Published: March 30, 2026. The English Chronicle Desk. The English Chronicle Online—Providing trusted news and professional analysis for the UK.
Conservative leader Kemi Badenoch has intensified her “Cheap Power Plan” campaign, formally calling on the Government to abolish VAT on domestic energy bills for the next three years. The proposal, unveiled during a high-profile visit to an oil rig in the North Sea, is positioned as a direct challenge to the Labour administration’s current fiscal strategy. Mrs. Badenoch argued that the 5% tax on heating and electricity is a “levy on the basics of life” that should be suspended immediately to shield households from the global price shocks triggered by the ongoing conflict in the Middle East. According to Conservative party analysis, removing VAT, combined with the scrapping of various “green taxes,” could save the average UK household approximately £200 per year at a time when the energy price cap is once again under upward pressure.
The Conservative leadership’s push for tax cuts represents a sharp departure from the Government’s preference for targeted support. While Chancellor Rachel Reeves has previously used the Budget to shift some renewable energy costs from bills to general taxation—a move that will see the price cap fall by roughly £117 this April—the opposition argues that these measures do not go far enough. Mrs. Badenoch’s plan seeks to go further by repealing the Climate Change Act and halting what she describes as “welfare bailouts” for those on benefits, which she claims are being funded by taxing working families. The Tories maintain that the £2.5 billion annual cost of the VAT holiday could be offset by maximizing North Sea oil and gas extraction, which they believe would generate significant new tax receipts for the Treasury.
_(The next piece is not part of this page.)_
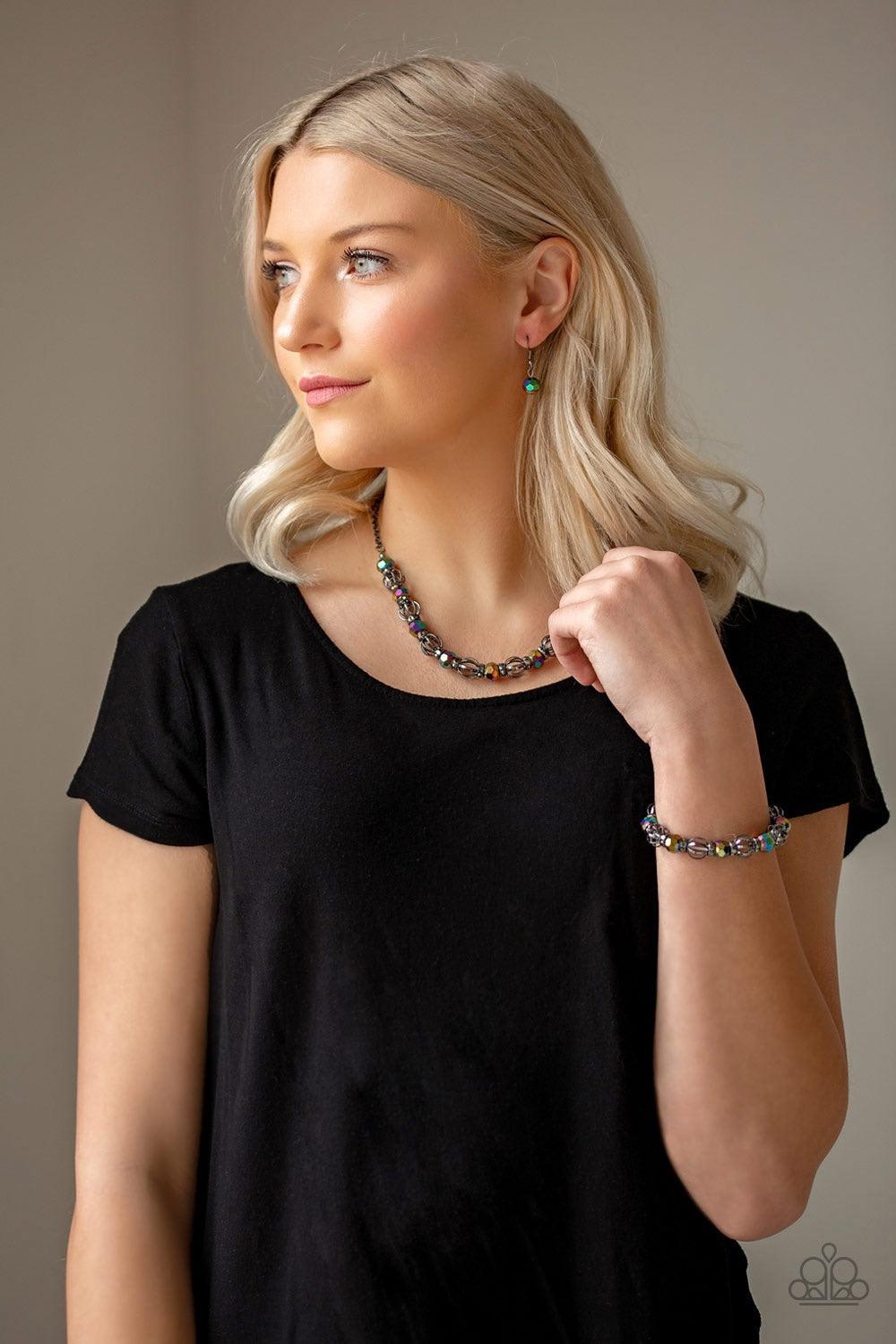 Paparazzi Accessories Metro Majestic - Multi A collection of airy gunmetal beads, faceted rainbow metallic beads, and hematite rhinestone encrusted rings are threaded along an invisible wire below the collar for a statement-making fashion. Features an adj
The timing of the proposal is highly political, coming just as millions of households prepare for the resetting of the energy price cap. While the Government has successfully implemented a 75% subsidy on the Renewables Obligation (RO) scheme until 2029, the opposition claims these “salami tactics” are insufficient to counter the “Trump tax” of rising global oil prices. However, the plan has faced stiff resistance from the Treasury. Exchequer Secretary Dan Tomlinson dismissed the Tory strategy as a “dangerous fantasy,” noting that even the most aggressive North Sea drilling would have a negligible impact on international wholesale prices. Critics also point out that scrapping VAT on energy would disproportionately benefit wealthier households with larger homes, rather than focusing aid on the fuel-poor.
As Prime Minister Sir Keir Starmer prepares to meet with energy industry leaders this week to discuss the impact of the Strait of Hormuz blockade, the debate over VAT has become a central fault line in British politics. For the Conservatives, the three-year tax scrap is a centerpiece of their “Get Britain back on Track” manifesto, designed to present a clear alternative to Labour’s Net Zero transition. For the Government, maintaining the current VAT structure is seen as essential for funding the very clean energy projects they believe will eventually break the UK’s dependence on volatile fossil fuels. With inflation figures expected to fluctuate as the war continues, the battle over the “5% tax” is set to dominate the Westminster agenda for the remainder of the spring.